Topical JAK inhibitors have also been developed and are currently in clinical trials including tofacitinib, delgocitinib, and ruxolitinib. Initial data in patients with moderate to severe AD show response rates of 70-80% after a mean treatment time of four weeks. Similar promising initial clinical data is also being seen in children with AD, demonstrating moderate-to-clinical efficacy and a good tolerability.
“For example, the prospects of a patient severely affected with atopic dermatitis would be treatment with a biologic and a topical JAK inhibitor in the future,” say the study authors. “Future studies are required to characterize in detail the selection of specific substances for individual patients and the optimal duration of therapy.”

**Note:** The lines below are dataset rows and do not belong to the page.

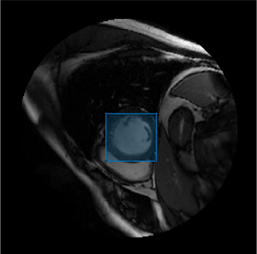 MedSAM bounding box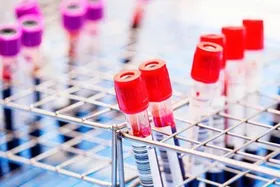 دانشمندان موفق به حذف ویروس HIV از سلول های آلوده شده&zwnj;اند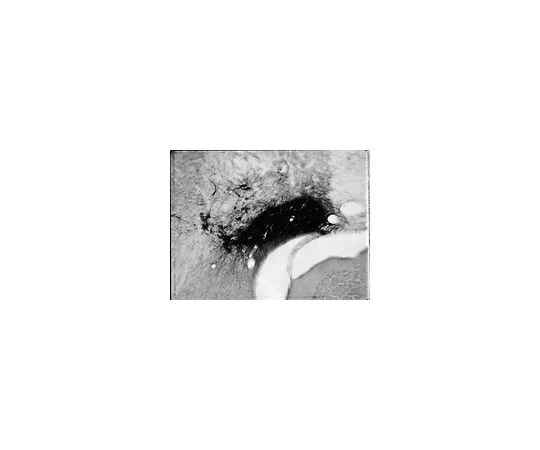 62-8489-35　抗多巴胺β-羟化酶-SAP (皂苷结合) ，克隆4F10.2;250μg　MAB394-250UG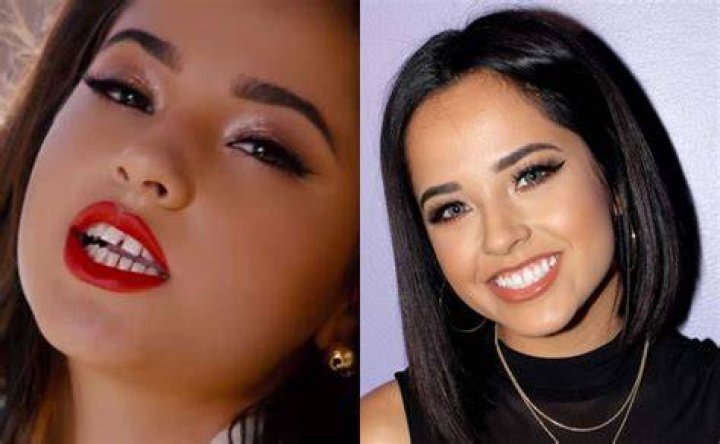 Becky G El antes y el despu&eacute;s de su cirug&iacute;a est&eacute;tica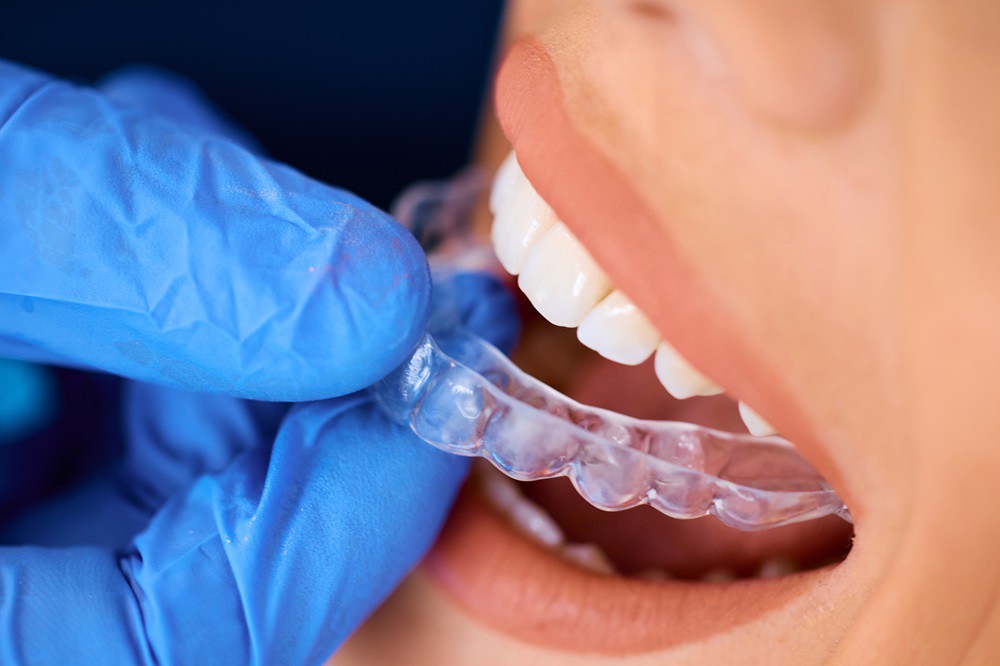 Invisalign Aligners in Whitefield, Bangalore | Dental Clinic for Aligners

Dr. Worm declares to have received honoraria or consultancy fees from the following companies: ALK-Abelló Arzneimittel GmbH, Mylan Deutschland GmbH, Leo Pharma GmbH, Sanofi-Aventis Deutschland GmbH, Regeneron Pharmaceuticals, DBV Technologies S.A, Stallergenes GmbH, HAL Allergie GmbH, Allergopharma GmbH & Co.KG, Bencard Allergie GmbH, Aimmune Therapeutics UK Limited, Actelion Pharmaceuticals Deutschland GmbH, Novartis AG, AbbVie Deutschland GmbH & Co. KG, Lilly Deutschland GmbH and Biotest AG.
1. Worm M, Francuzik W, Kraft, M, Alexiou A. Modern Therapies in Atopic Dermatitis: Biologics and Small Molecule Drugs. J Dtsch Dermatol Ges. 2020 Jul 14. doi: 10.1111/ddg.14175. Online ahead of print.